As cities watch their budgets erode with state aid cuts, declining property tax revenues and sagging permit fees, a small savior has emerged: the streetlight utility fee.
Communities from Richfield to South St. Paul and Forest Lake to St. Cloud are among the cities that have recently passed or are expected to pass streetlight fees. At least 20 others have considered such fees.
"It's really an indicator of how strapped cities are feeling with their budgets," said Anne Finn, a lobbyist with the League of Minnesota Cities. "They may not have looked at this before because it's probably not the most popular revenue-raising tool with residents.
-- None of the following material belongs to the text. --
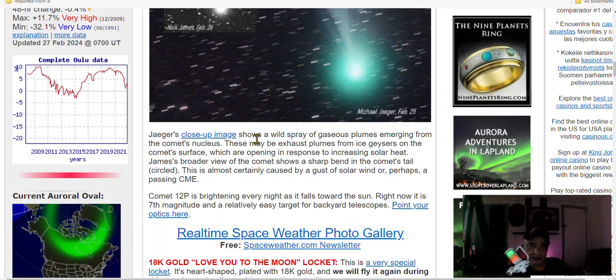Dr. Philip chose a wide spray of gaseous plumes emerging from the comet nucleus. The nucleus is estimated at about 10 kilometers — roughly seven or eight miles — though we truly don't know; it could be bigger or smaller. These may be exhaust plumes from ice geysers on the comet surface, opening in response to increasing solar heat.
But they're feeling there aren't that many options left, and this is one thing they can do to pay for a service that residents need."
In Richfield, a city hammered by state aid cuts that total $2.48 million between 2008 and 2010, the City Council is expected to approve a streetlight fee on Tuesday. It would charge each residence between $20 and $24 per year to raise $317,000 to keep the city's streets brightly lit. The cost previously was paid from the city's general fund. But with a 2010 budget that is anticipated to be nearly 3 percent smaller than this year's, the city needs the money, said City Manager Steve Devich.
"This reflects the actual cost of electricity and maintaining the lights," he said. "A well-lit community is a safe community, and that's something this community has valued."
Levy limits that last until tax year 2012 cap property tax increases and state law limits what Minnesota cities can do to raise funds. But state law allows cities to use "service charges," including fees for garbage and recycling, sewer maintenance and use of city-owned recreational facilities. Among the lesser-known things cities can charge fees for are police escorts, copies of traffic accident reports and street lighting.
Use of the streetlight utility fee isn't a slam dunk even in cities that need the money. In many cities, discussion about whether to impose the fee has spurred discussions about equity. Are there lights that everyone should pay for? What if lights are on a dead-end street that no one except residents uses? What about schools on huge sites, or people who live on dark rural roads that are part of a well-lit city?
City councils in Minneapolis, Edina and St. Louis Park all discussed enacting a citywide streetlight fee and decided against adopting one this year. On Friday, the Minneapolis City Council did approve a fee for streetlights and routine street maintenance, but only for entities that don't pay property taxes.
In St. Louis Park, Mayor Jeff Jacobs said the City Council had concerns about fairness. "If we did a curb-and-gutter fee, or alley paving, you could calculate how much your property is benefitting," he said. "That's harder with light."
Jacobs said he felt a streetlight charge added to a long list of fees on a utility bill was a hidden way to raise taxes. "People get a little annoyed with nickel-and-dime stuff," he said. "If you're going to raise my taxes, be honest about it and look me in the eye and do it. It felt like a bit of a shell game, and we didn't want to do it."
But officials in cities that have been hit harder by state cuts and declining property values say that the alternative to the streetlight fee is cutting deeper into city services.